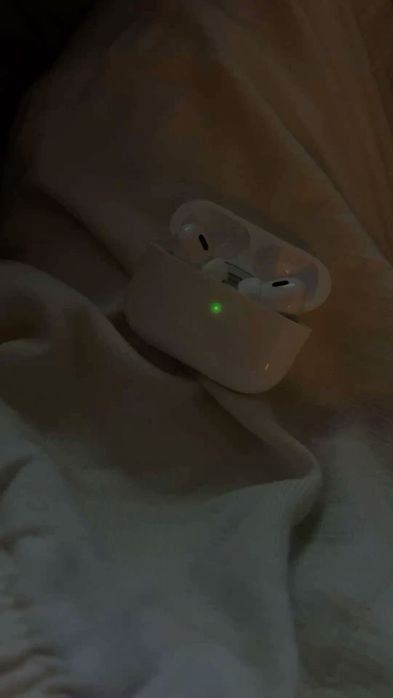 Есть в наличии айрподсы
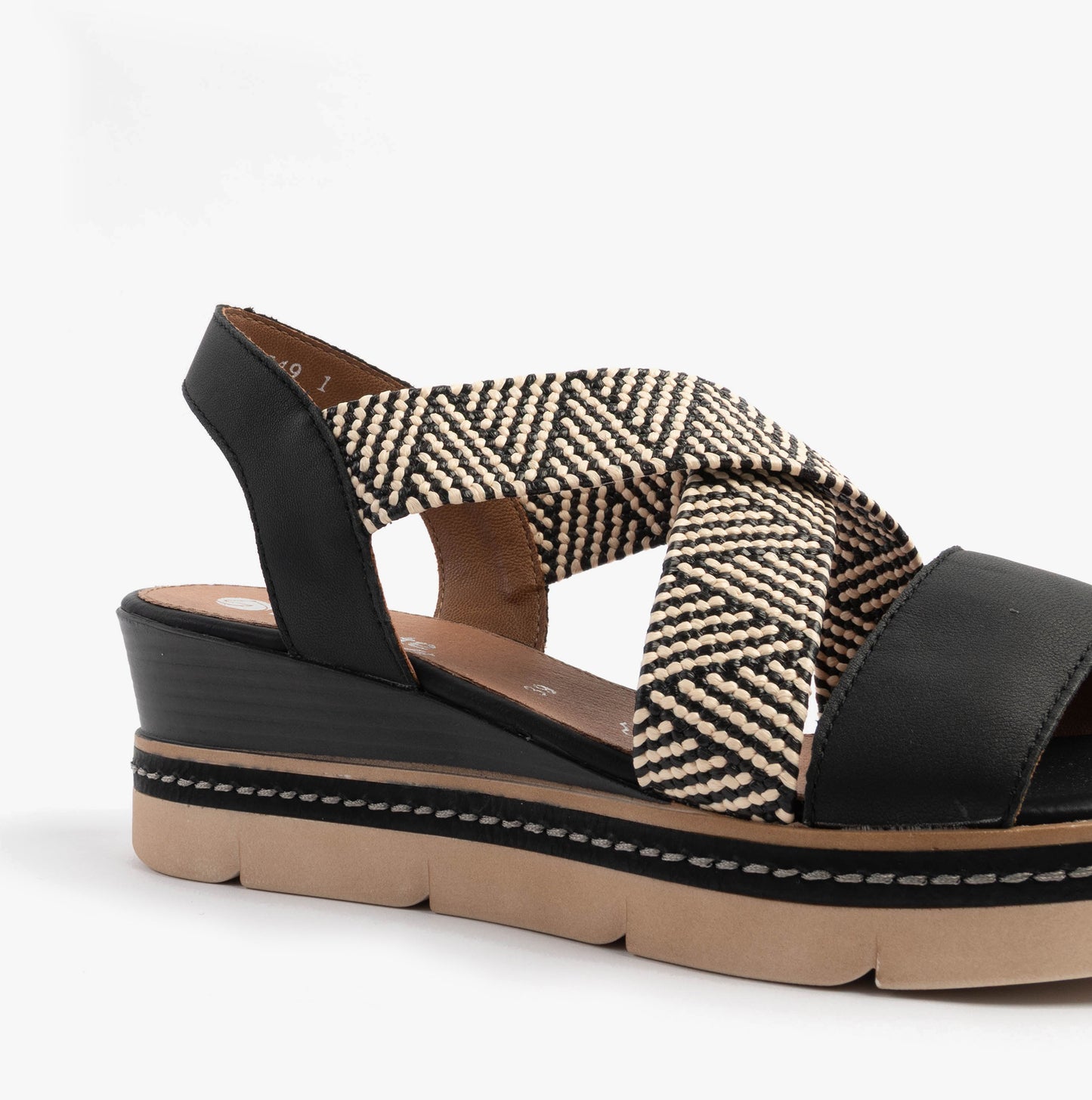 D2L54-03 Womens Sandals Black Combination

* * *

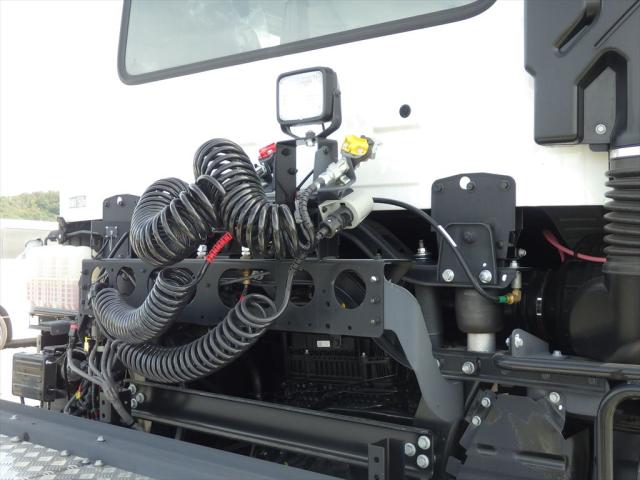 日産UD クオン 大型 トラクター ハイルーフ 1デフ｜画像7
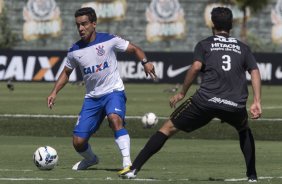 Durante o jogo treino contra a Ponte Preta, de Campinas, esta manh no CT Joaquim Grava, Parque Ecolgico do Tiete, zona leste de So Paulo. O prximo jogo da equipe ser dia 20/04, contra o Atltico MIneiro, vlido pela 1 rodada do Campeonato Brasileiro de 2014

* * *

Give back exactly the lines above that run from the one with "Есть в наличии айрподсы" to the one with "D2L54-03 Womens Sandals Black Combination", including both, with the pictures left out.

 Есть в наличии айрподсы
 D2L54-03 Womens Sandals Black Combination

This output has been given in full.